Key Highlights
- On May 5, 2026, ARK Invest purchased approximately 255,804 Shopify shares valued at $32.6M following impressive Q1 results
- Shopify’s first-quarter revenue reached $3.17B, marking a 34.3% increase compared to the prior year, with GMV exceeding $100B for the first time
- ARK offloaded $15.6M worth of AMD shares on the same day, extending a trend of semiconductor position reductions
- AI-generated traffic to Shopify’s merchant stores surged 8x compared to last year
- Additional ARK transactions on May 6 included a $7.9M Tempus AI purchase and another $6.7M AMD sale
On May 5, 2026, Cathie Wood’s ARK Invest executed one of its most significant recent acquisitions, accumulating around 255,804 shares of Shopify distributed across three exchange-traded funds.
The aggregate investment totaled roughly $32.6 million. ARK’s Innovation ETF accounted for the lion’s share at $20.7 million, which comprised 7.8% of that particular fund’s total market capitalization.
Just one day earlier, on May 4, ARK had initiated Shopify purchases worth $6.6 million exclusively through the Innovation ETF.
This strategic accumulation followed Shopify’s announcement of first-quarter 2026 financial results. The e-commerce platform reported revenue of $3.17 billion, representing a 34.3% year-over-year expansion.
For the first time in company history, Shopify surpassed $100 billion in quarterly gross merchandise volume. The company achieved free cash flow margins of 15%.
Revenue from merchant solutions climbed to $2.42 billion from $1.74 billion in the comparable quarter. Subscription solutions generated $750 million, up from $620 million during the same timeframe last year.
CFO Jeff Hoffmeister characterized the performance as demonstrating “broad-based growth across geographies, merchant sizes, and channels.” Company leadership projected second-quarter revenue growth in the “high 20s” percentage range.
Artificial Intelligence Integration at Shopify
During the quarterly earnings discussion, Shopify President Harley Finkelstein stated the organization has “entered the AI era with a clear edge.” He emphasized two decades of accumulated commerce intelligence as a sustainable competitive moat.
AI-generated visitor traffic to Shopify-powered stores increased eightfold year-over-year. More than half of Shopify’s proprietary code is now generated using artificial intelligence tools. The cohort of enterprise merchants processing over $100 million in GMV has approximately doubled within a two-year period.
Shopify has partnered with Google on developing the Universal Commerce Protocol, an open-standard framework that counts Amazon among its participants.

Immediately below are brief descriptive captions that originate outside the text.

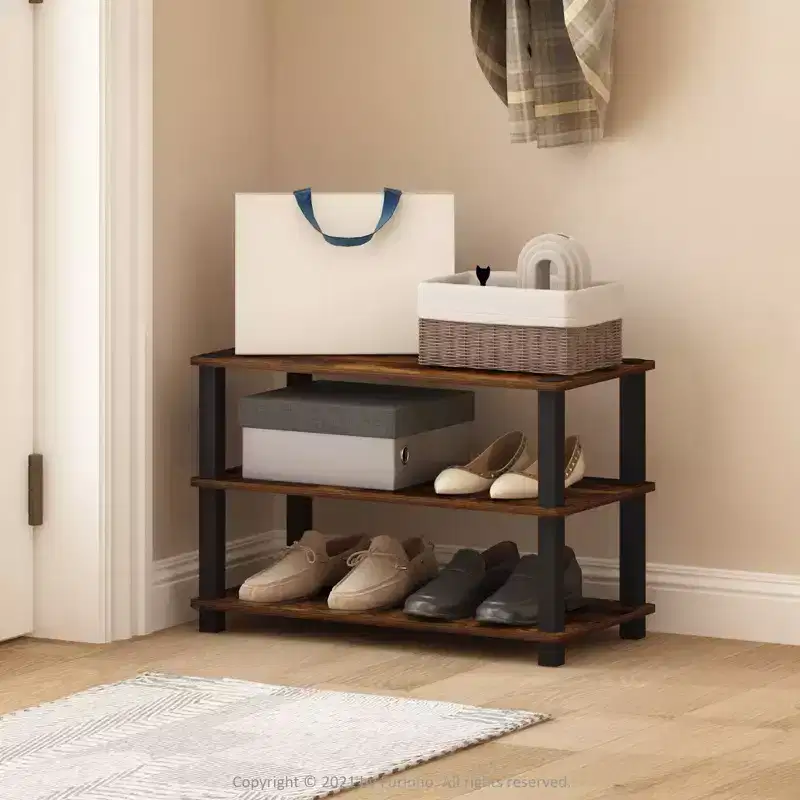 3/4-Tier Shoe Rack Tower Shelf | Storage Organizer Amber Pine & Black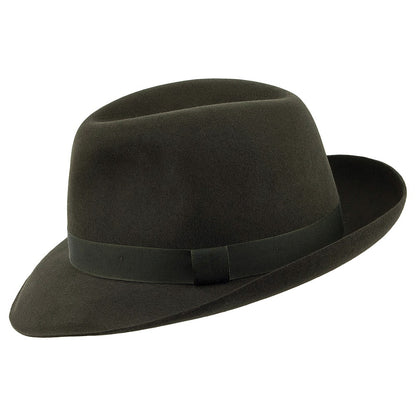Sombrero Fedora Foldaway de fieltro de piel de Christys - Verde Oscuro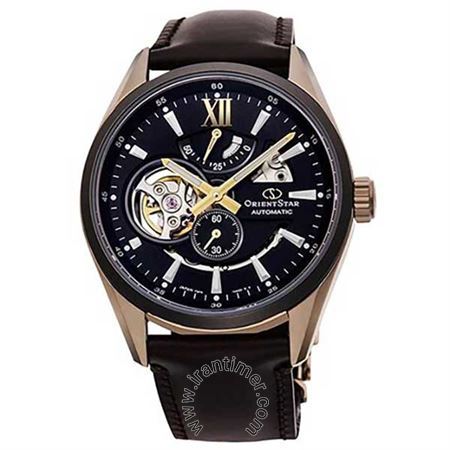 ساعت مچی مردانه کلاسیک بند چرم طبیعی، اتوماتیک، قلب باز، سنگ قیمتی داخل موتور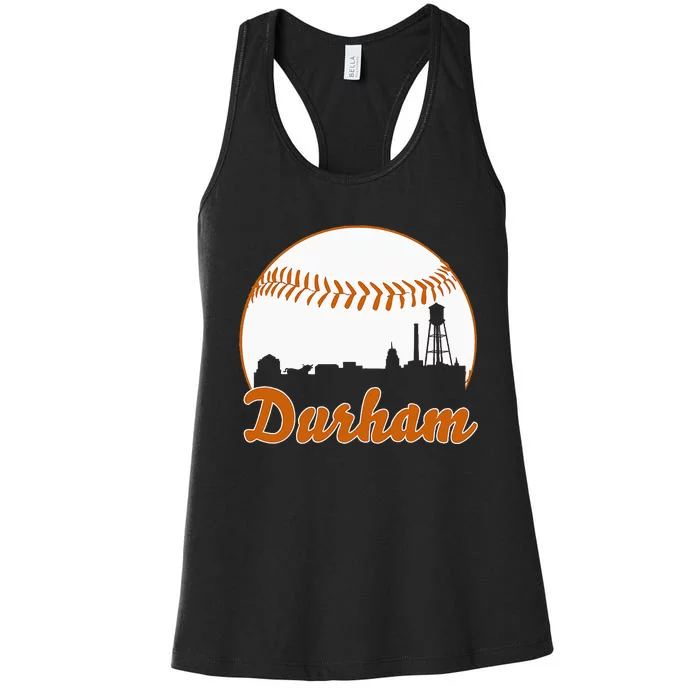 Durham Baseball Skyline North Carolina Women's Racerback Tank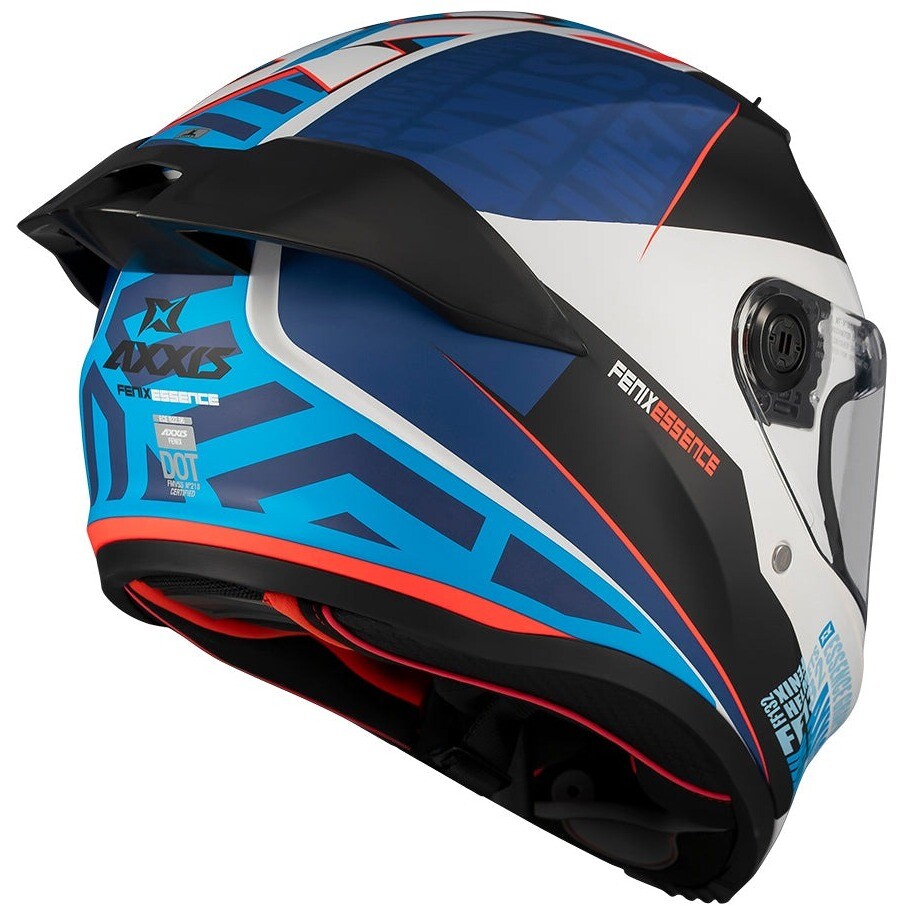 Casque intégral moto Axxis FF132 Fenix Essence A7 Blanc Bleu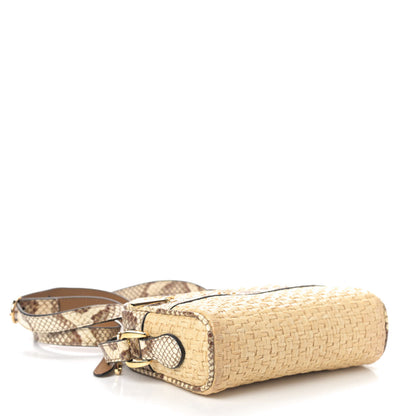 Gucci Raffia Elaphe Mini Ophidia Shoulder Bag Natural Cream Brown 3 of 4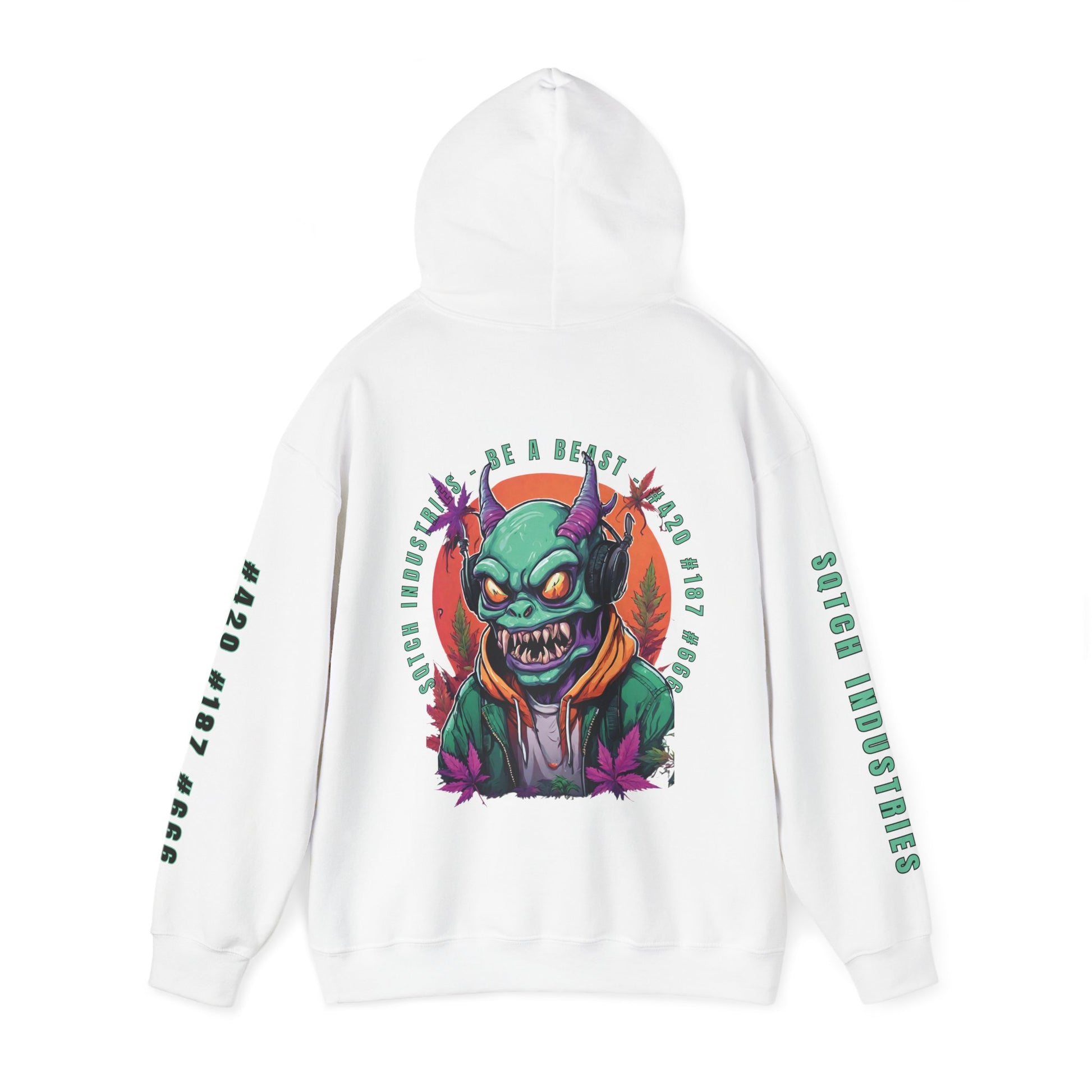 Back of a white cartoon style gunja goblin four twenty hoody hood up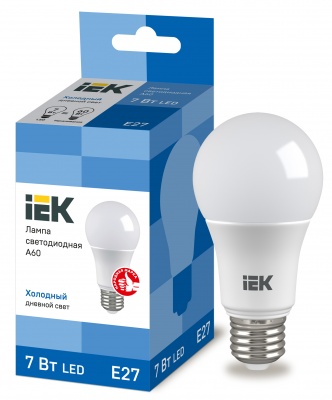 IEK Лампа светодиодная ECO A60 шар 7Вт 230В 6500К E27 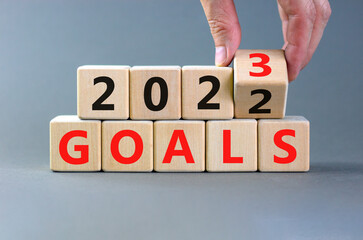 Planning 2023 goals new year symbol. Businessman turns a wooden cube and changes words Goals 2022 to Goals 2023. Beautiful grey table grey background, copy space. Business 2023 goals new year concept.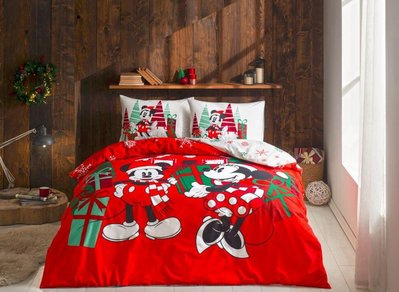 Подростковое постельное белье TAC Disney M&M Christmas Ранфорс / простынь на резинке p-60290417 фото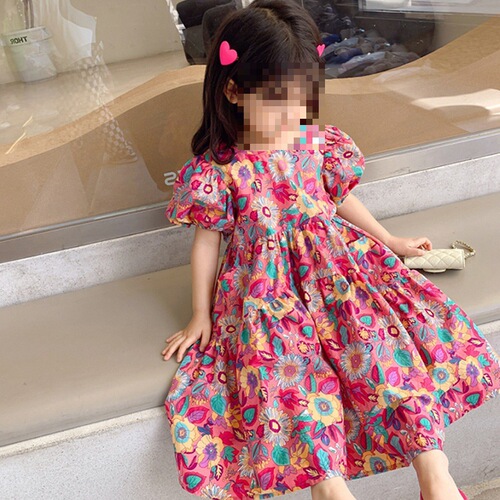 Little Girls' Skirts Peacock Flower Multicolor Dress Short Sleeve Princess Dress 24 Summer New Overseas Trade Children's Apparel Dropshipping 3-8 Years Old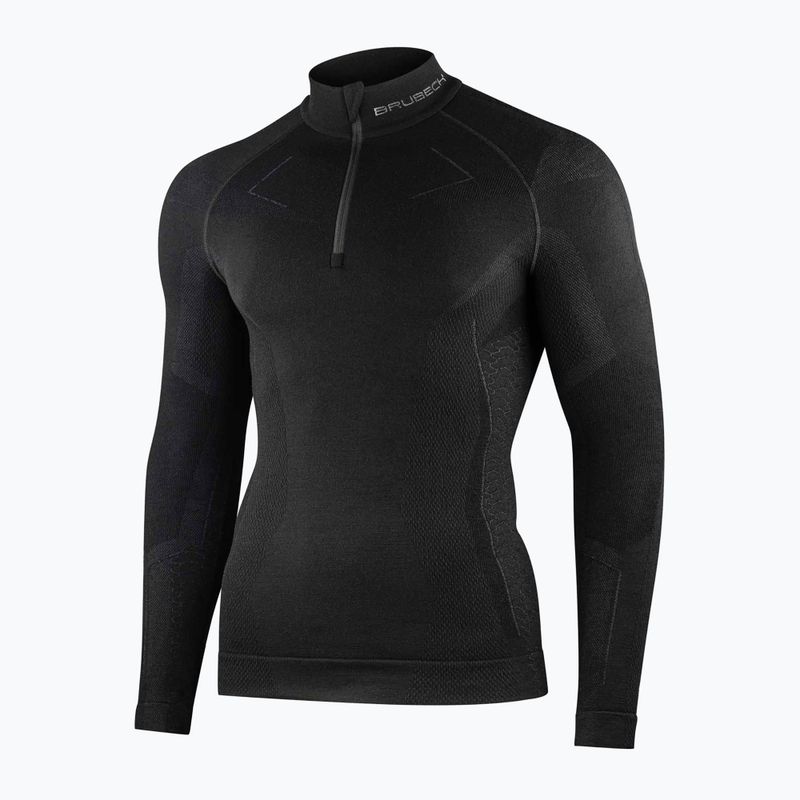 Bluza termoaktywna męska Brubeck Extreme Merino 1/3 Zip czarny 3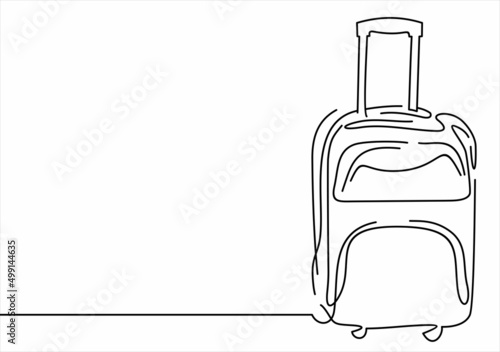 Travel suitcase in line drawing style. Luggage valise with wheels and retractable handle black line sketch on white background. Vector illustration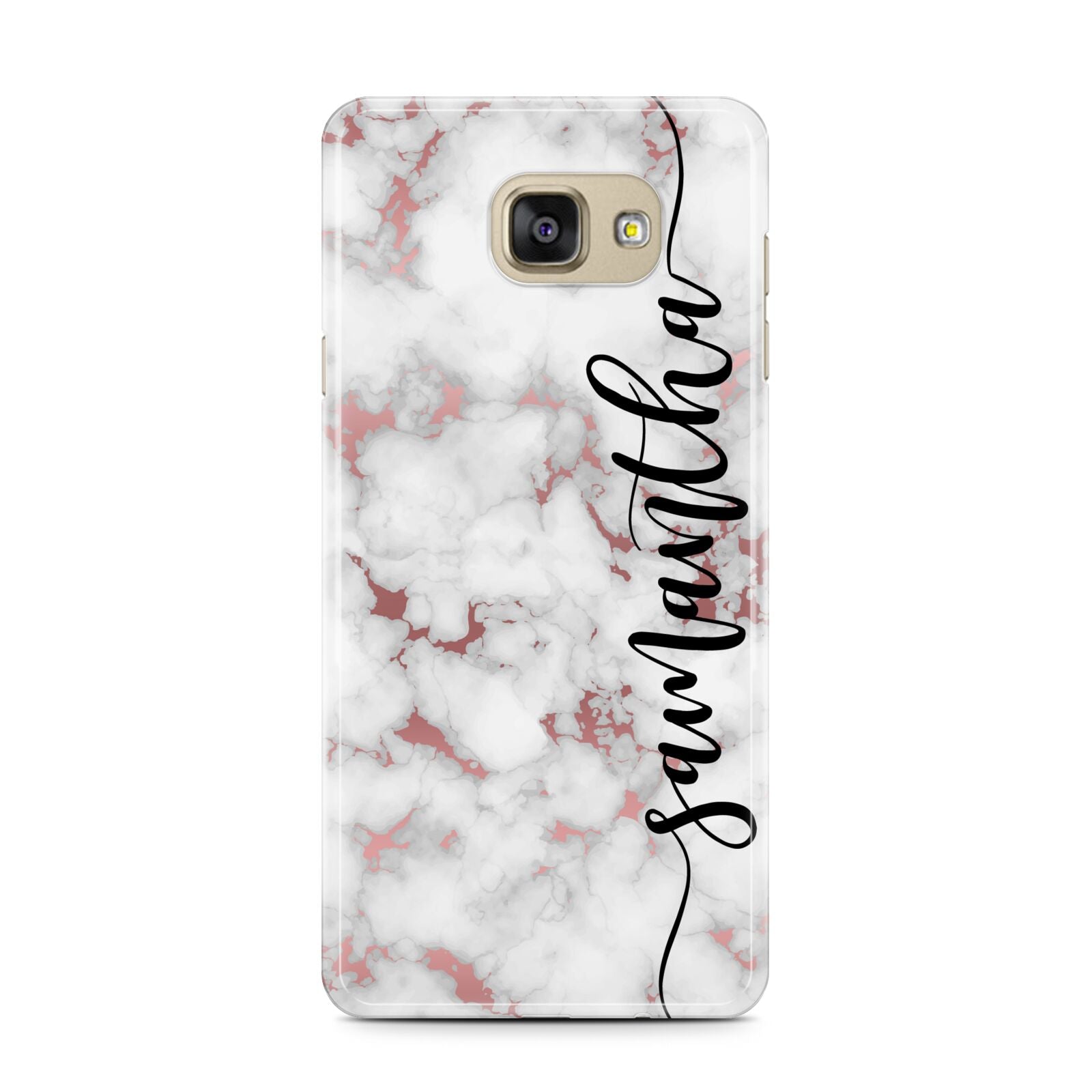 Rose Gold Marble Vertical Black Personalised Name Samsung Galaxy A7 2016 Case on gold phone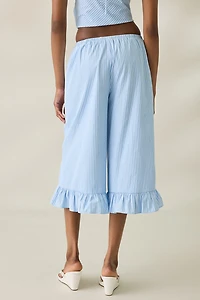 NIA Viento Ruffle Wide Leg Cropped Pants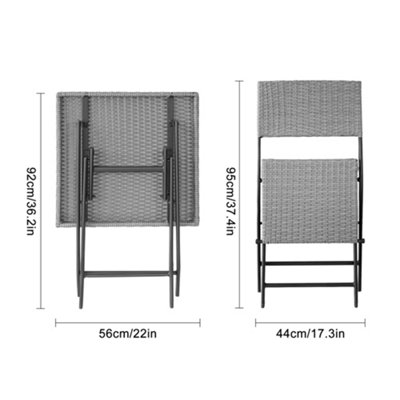Onemill 3 Pieces Rattan Patio Set of Foldable Patio Table and Chairs(Grey) - 5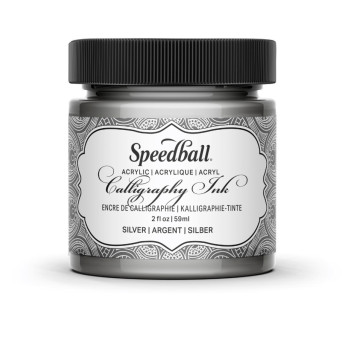 Tusz akrylowy do kaligrafii - Speedball - Silver 59 ml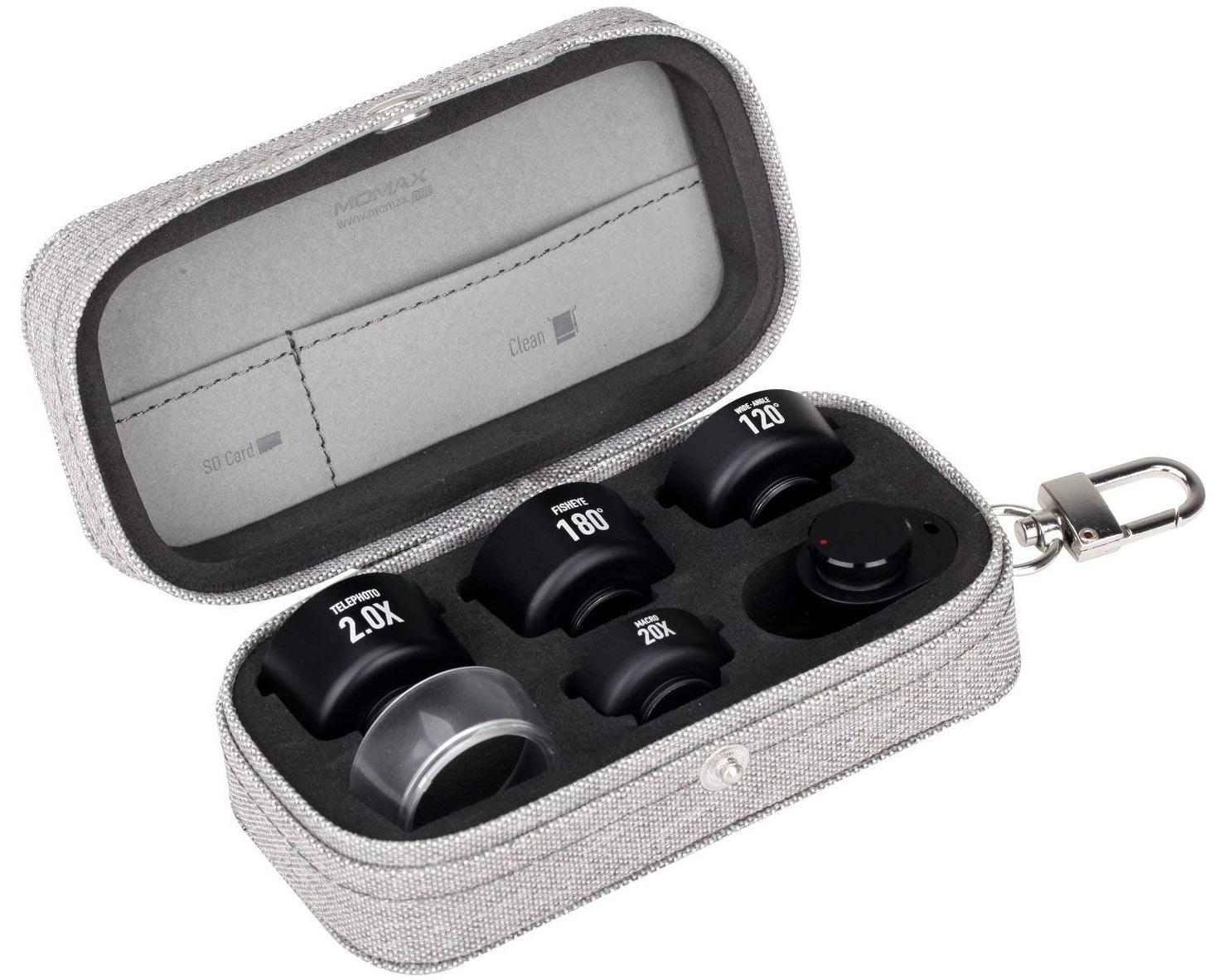Набор объективов Momax X-Lens Pro 4 in 1 (CAM7W) для смартфона (Black) купить в интернет-магазине icover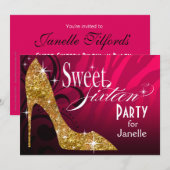 Glitter Stiletto Zebra Sweet 16 Party fuschia gold Kaart (Voorkant / Achterkant)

AMD Position Reduction Continues
While accumulating Shopify shares, ARK maintained its divestment pattern with Advanced Micro Devices. On May 5, the firm sold 45,917 AMD shares with an estimated value of $15.6 million spread across ARKK, ARKW, and ARKF portfolios.
AMD’s stock price has appreciated approximately 96% since the beginning of the year, boosted by the company’s robust earnings performance.
The following day, May 6, ARK liquidated an additional 18,909 AMD shares through ARKK, representing roughly $6.7 million in value.
During that same trading session, ARK acquired 145,794 Tempus AI shares distributed between ARKK and ARKG ETFs, totaling $7.88 million. The firm also added 28,220 Intellia Therapeutics shares to ARKK, worth $375,608.
ARK divested 61,351 Twist Bioscience shares across ARKK and ARKG portfolios for $3.48 million on May 6, extending a selling pattern in that holding that commenced during the prior week.
Recent portfolio disclosures indicate ARK’s strategic reorientation toward enterprises deploying AI in practical commercial applications, while trimming exposure to semiconductor equities that have already experienced substantial appreciation during the current year.